If it will be format like BibteXML, that can be exported in xml it would be also great to have some minimal example for correct embedding it through latex with xmpincl or hyperxmp packages. Use case: compiling thesis with embeded metadata precomposed with JabRef.

lenhard · 2016-04-08T11:14:27Z

After dealing with this in #1096 I think the most portable solution would be to drop the JabRef bibteXMP and to encode everything into Dublin core (which we already do on top of our custom serialization).

That is, if we do not decide to drop the XMP functionality completely.

LSinev · 2016-04-22T17:38:58Z

Some info about correct storage of xmp inside pdf (to be compatible with pdf/a for example) can be found with samples at http://www.pdflib.com/knowledge-base/xmp-metadata/xmp-in-pdfa/
Here goes free xmp validator: http://www.pdflib.com/knowledge-base/xmp-metadata/free-xmp-validator/
Some java code samples can also be found at that website.

koppor · 2016-07-14T12:35:44Z

Idea (as discussed with @hummelriegel): Add bibtexs of cited entries to the PDF. This is especially useful for a self-written paper.

koppor · 2016-12-13T22:11:13Z

Further options include bibtexml and MODS. I think, dublin core is still the way to go as it is standards-based. We should go in this direction.

koppor · 2016-12-15T12:22:20Z

Refs koppor#6

DesBw · 2017-04-06T21:36:22Z

Hi guys. I am not developer. I am just another user. I really hope that you maintain the XML feature. This one of the most important unique feature of Jabref that keep me come back time and time again (after using great reference manager like Bookends). The XML is useful not just for sharing Pdf files. Embedding the information into the Pdf is very useful for powerful search tools like Deveonthink[Mac], Spotlight[MaC], dtSearch[Windows]. With the embedded data, it is possible to search Pdf files by their author, title and the like data. In addition, re-generating the Jabref library from the pdf files (incase the library is corrupted or deleted) is possible with the embedded data. I had a couple of cases where my pdf files get dissociated from the reference. I drag them back. Voilà, I have the whole reference. This is just so great.

lenhard · 2017-04-07T07:11:35Z

Hi dellu. Thanks for the praise! And no worries, we have no intentions of removing support for this feature. Quite the contrary, we would like to update and improve it. Unfortunately, this has so far failed due to issues in the libraries that we use for this functionality. As a result, I assume that there will be no significant changes here in the near future.

DesBw · 2017-04-20T00:14:25Z

Thank you @lenhard. I am glad you are going to keep the feature.
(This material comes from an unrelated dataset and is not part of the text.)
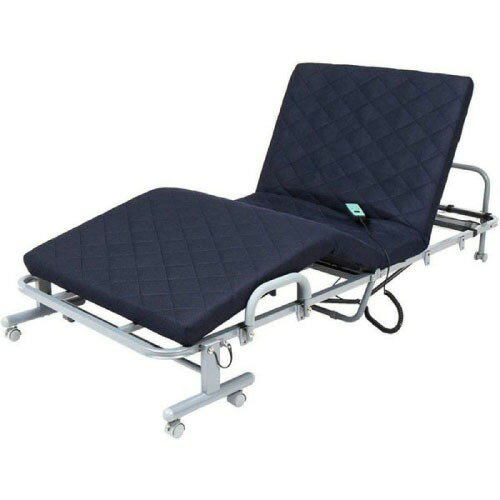 高反発マットレス 電動メッシュキルトベッド ネイビー [TAN-887NV] 8cmウレタンマット ロックピン 指はさみ防止 ストッパー付 谷村実業メーカー直送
What do you guys think of this ?
They also write the metadata into the file using ExifTool. They use the standard bibtex tags. The standard Bibtex is nice.

lenhard · 2017-04-20T07:22:46Z

@Dellu

Interesting link, thanks! Unfortunately, it will not be easy to interact with that tool or the ExifTool. The former is written in C++ and the latter in Perl, whereas JabRef is written in Java. There is always a way around the language differences, but in my point of view we should stick to the Java ecosystem and build a JabRef where everything is closely integrated and without language-related friction.

Other developers might have a different opinion, though.

koppor · 2017-04-27T06:52:05Z

Together with @snisnisniksonah I am investigating whether we can use Dublin Core.

Current steps:

Read/write PDF annotations using Dublin Core using PDFBox 2.x (refs Update pdfbox to 2.0.0 and migrate from jempbox to xmpbox #1096)
Extract command line tool to convert old PDF annotations to the new format (Refs Removed a number of warnings, added copyright etc #266 (comment)) -> XMPUtil will released separately.

Results:

JabRef 4.x depending on PDFBox 2.x
XMPUtils depending on PDFBox 1.x

tobiasdiez · 2017-04-27T09:57:42Z

Nice! I think the XMPUtil is not that important since in most cases you can just write the information again to the PDF using Dublin Core and thus overwriting / "converting" the old XMP data.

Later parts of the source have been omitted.